[Task brief] Start at the top of the records and, please, print each line exactly through the line that contains "Mais d’abord le", leaving out all pictures.

(Extracted records)
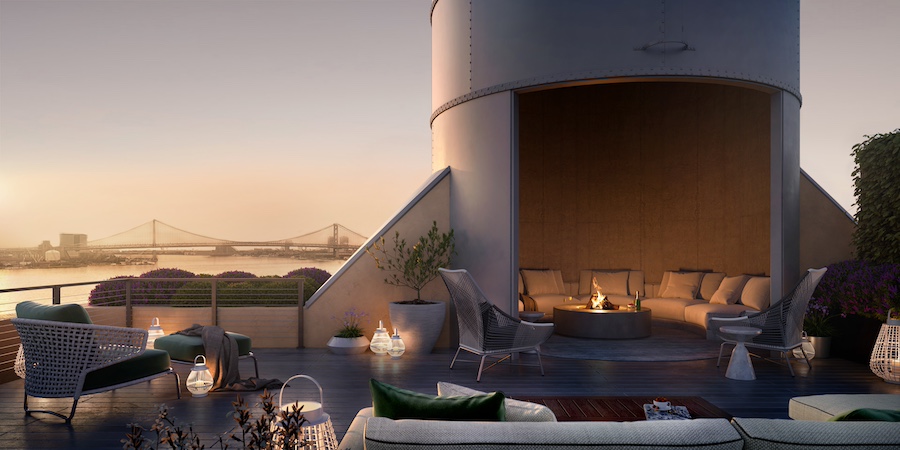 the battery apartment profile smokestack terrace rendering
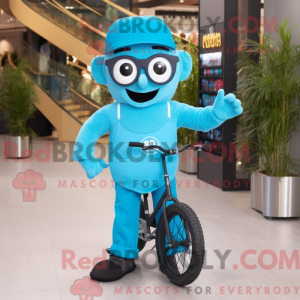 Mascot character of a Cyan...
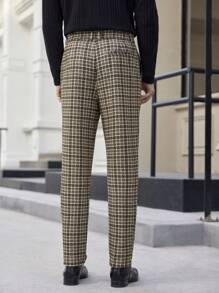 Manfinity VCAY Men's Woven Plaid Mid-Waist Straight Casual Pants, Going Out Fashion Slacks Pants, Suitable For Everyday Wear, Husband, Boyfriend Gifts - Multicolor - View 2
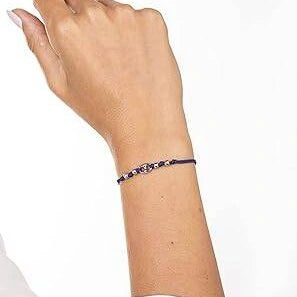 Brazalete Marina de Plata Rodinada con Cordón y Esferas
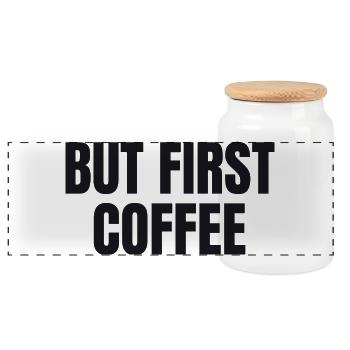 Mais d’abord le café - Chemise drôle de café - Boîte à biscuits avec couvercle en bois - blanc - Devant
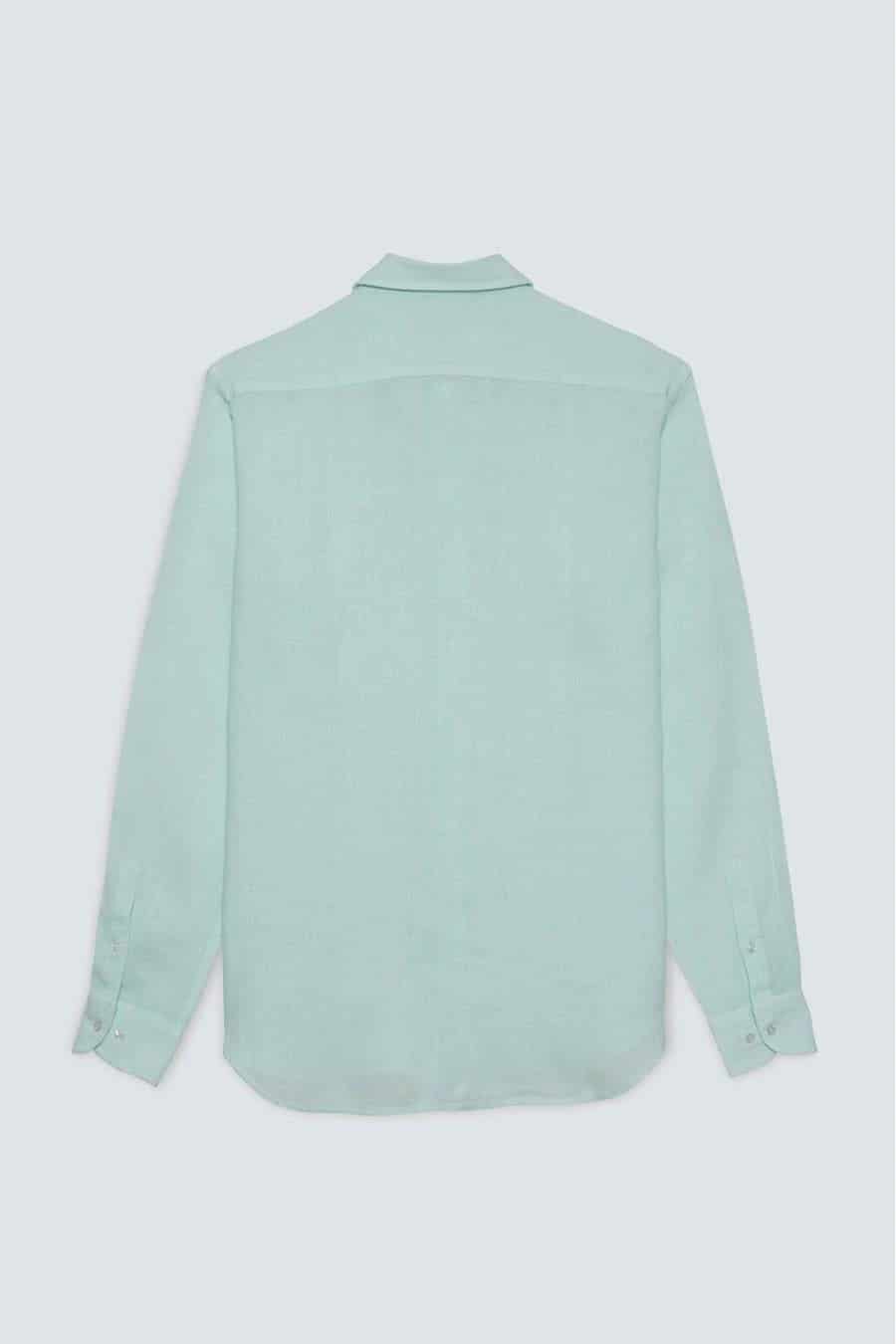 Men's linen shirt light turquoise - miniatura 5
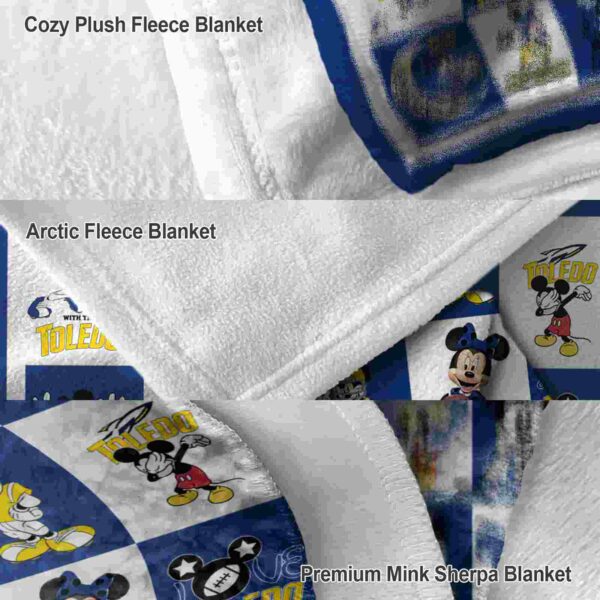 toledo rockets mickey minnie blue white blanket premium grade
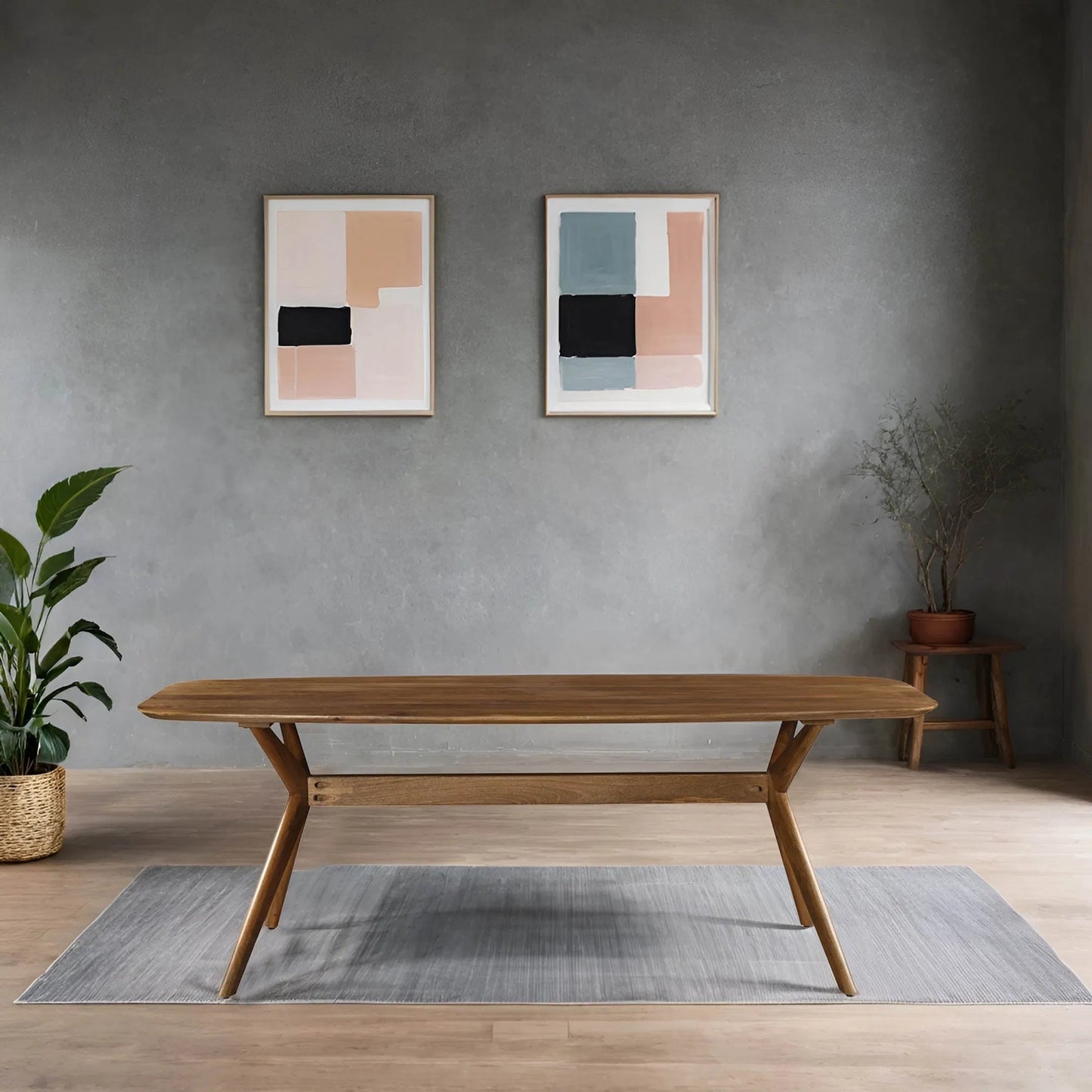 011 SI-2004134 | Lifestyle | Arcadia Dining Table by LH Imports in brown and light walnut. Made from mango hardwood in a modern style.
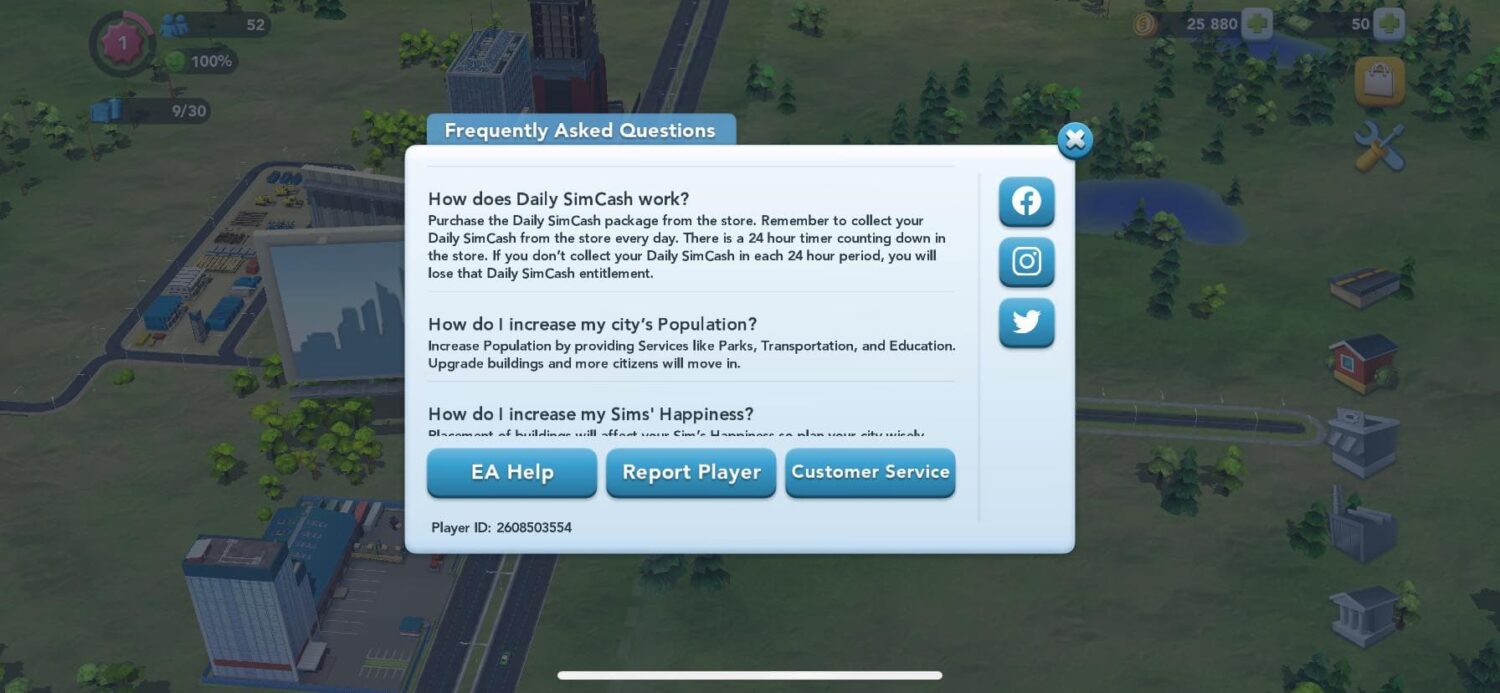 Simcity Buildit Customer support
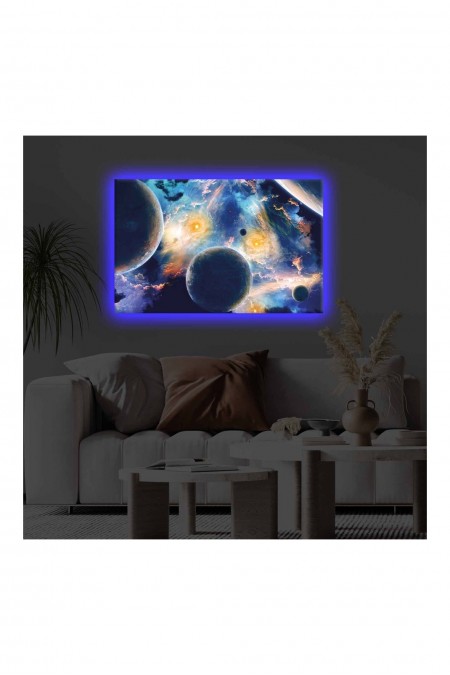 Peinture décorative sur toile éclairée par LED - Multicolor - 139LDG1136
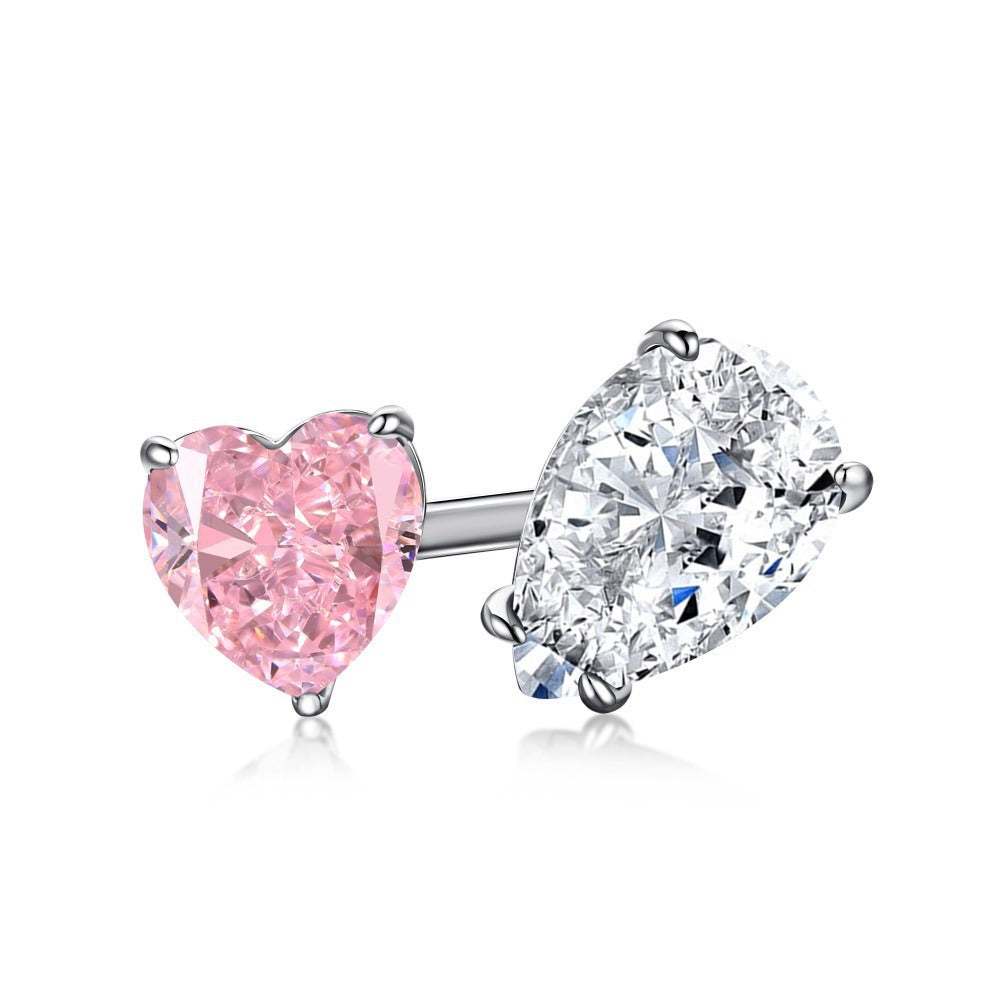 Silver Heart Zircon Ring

[Expected output]
 the battery apartment profile smokestack terrace rendering
 Mascot character of a Cyan...
 Manfinity VCAY Men's Woven Plaid Mid-Waist Straight Casual Pants, Going Out Fashion Slacks Pants, Suitable For Everyday Wear, Husband, Boyfriend Gifts - Multicolor - View 2
 Brazalete Marina de Plata Rodinada con Cordón y Esferas
 Mais d’abord le café - Chemise drôle de café - Boîte à biscuits avec couvercle en bois - blanc - Devant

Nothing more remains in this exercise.